2004 yılında askerlik yaptığım birliğimdeki askerlerin yaklaşık yüzde 10u okuma yazma bilmiyordu. önemli bir kısmı kürttü tabi, bir iki tane de türk vardı. 1983-84 doğumlu çocukların okumasının olmaması bambaşka bir soruna işaret ediyor tabi ama hadi neyse, şimdi mesele bu değil.
iki dil bir bavuldaki çocuklar önce türkçe konuşmayı, ondan sonra okuma yazma öğrenecekler gibi görünüyor. zaten 5 yılda ancak türkçe ve bir iki matematik işlemi öğrenebiliyorlardır. belki temel bazı tarih ve coğrafya bilgileri falan. ama cumhuriyet eşit yurttaşlar yetiştirmek için kurulmuş bir rejimdir. hatta kürtler cumhurbaşkanı bile oldulardı bu ülkede! ve ismet inönüde bile vardı değil mi bir taraftan kürtlük.
iki dil bir bavul, bazı gerçekleri bize sinema aracılığıyla anlatma derdinden başka bir dert taşımıyor.
nefes nasıl insanın bir dramını askerlik dolayımıyla bize anlatıyorsa, iki dil bir bavul da ülkenin içinde bulunduğu ama içinde bulunmuyormuş gibi davrandığı bir durumu bize anlatıyor; bu sefer askerlerin değil, çocukların vasıtasıyla...

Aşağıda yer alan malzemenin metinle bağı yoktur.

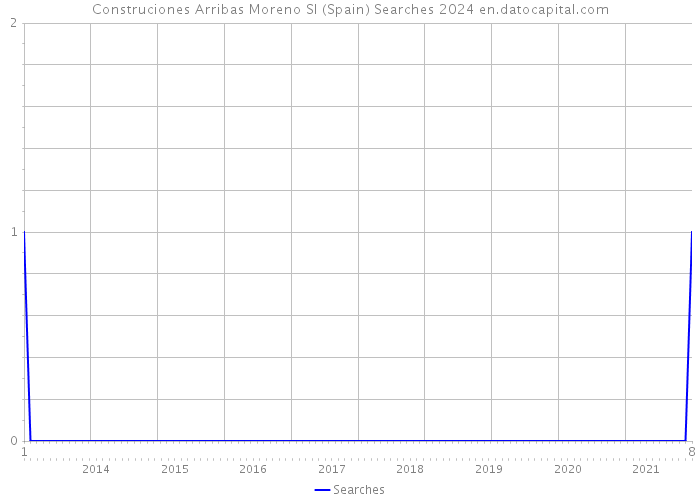 Construciones Arribas Moreno Sl (Spain) Searches 2024 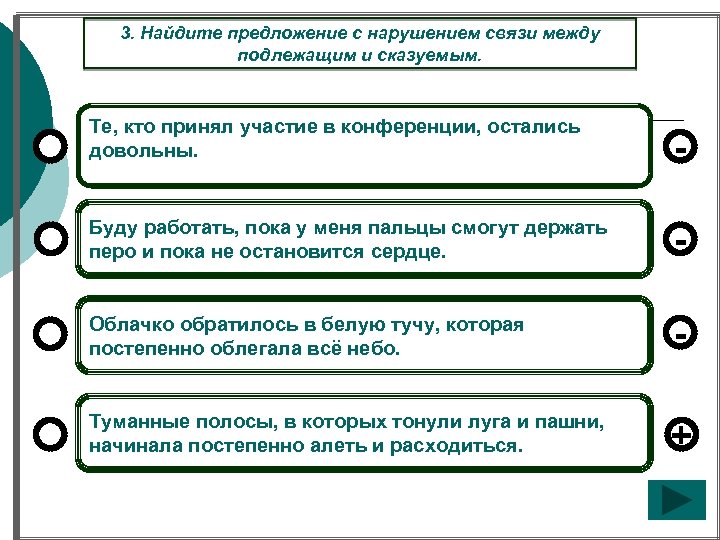 3. Найдите предложение с нарушением связи между подлежащим и сказуемым. Те, кто принял участие
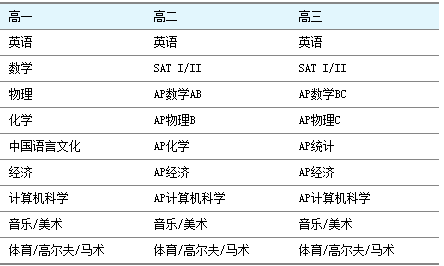 新澳天天免费好彩六肖,经典解答解释定义_UHD12.612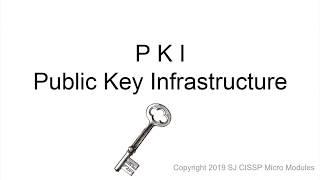 What is PKI?  Public Key Infrastructure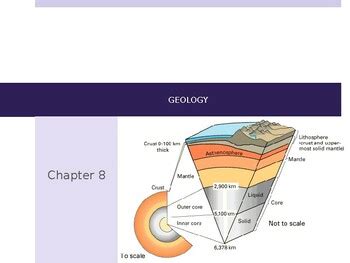 Earth Rock 的图像结果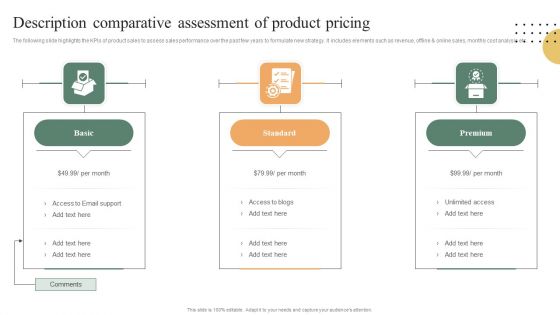 Description Comparative Assessment Of Product Pricing Ppt PowerPoint Presentation File Format Ideas PDF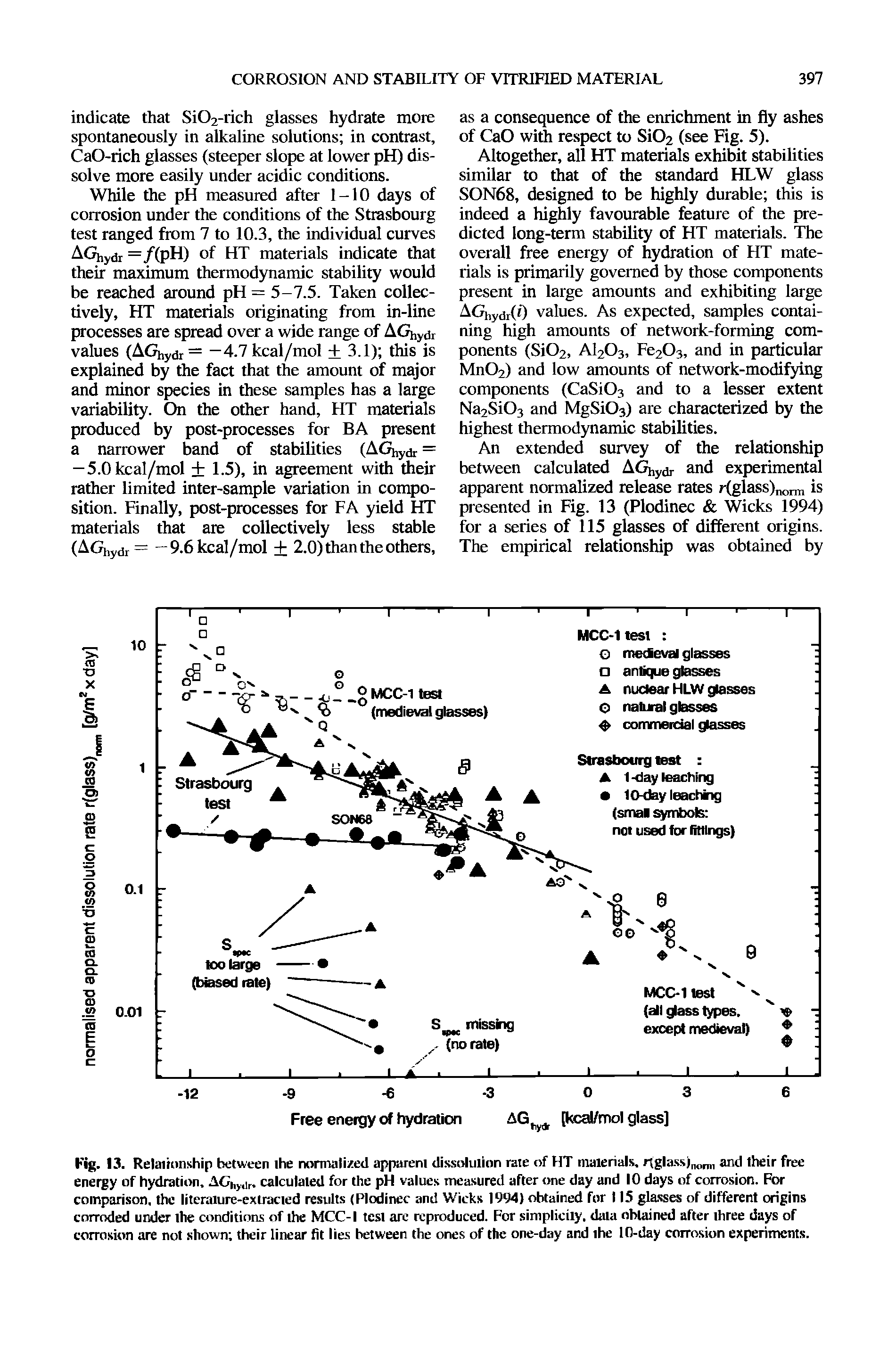Fig. 13. Relationship between the normalized apparent dissolution rate of HT materials, r(glaxs)l1(lnn and their free energy of hydration, ACh>lir. calculated for the pH values measured after one day and 10 days of corrosion. For comparison, the literature-extracted results (Plodinec and Wicks 1994) obtained for 115 glasses of different origins corroded under the conditions of the MCC-I test are reproduced. For simplicity, data obtained after three days of corrosion are not shown their linear fit lies between the ones of the one-day and the 10-day corrosion experiments.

çünkü türkiyede bazı insanların ana dilleri türkçe değildir ve biz gerçeği bazen beğenmesek de gerçek maalesef öyledir. dillerine her ne kadar kart, her ne kadar kurt ve de onlara her ne kadar dağ türkü desek de, onlar aramızda birtakım bağların ama bazen de dağların olduğu, başka tür özellikler taşıyabilen insanlardır. bize bazen bizden daha yakın, bazense çok uzak. ama aynı okula gittiğimiz, aynı bakkaldan sanayağı aldığımız, aynı doktorda tedavi olduğumuz ve aynı takımı tuttuğumuz insanlardır.
birbirimizi öldürmekten de pek çekinmiyoruz yıllardır. umarım iki dil bir bavul gibi eserler yaygınlaşır ve birbirimizi anlama yolunda bazı mesafeler kat edilir. birbirimizi öldürüyor olmaktan utanırız belki böylece.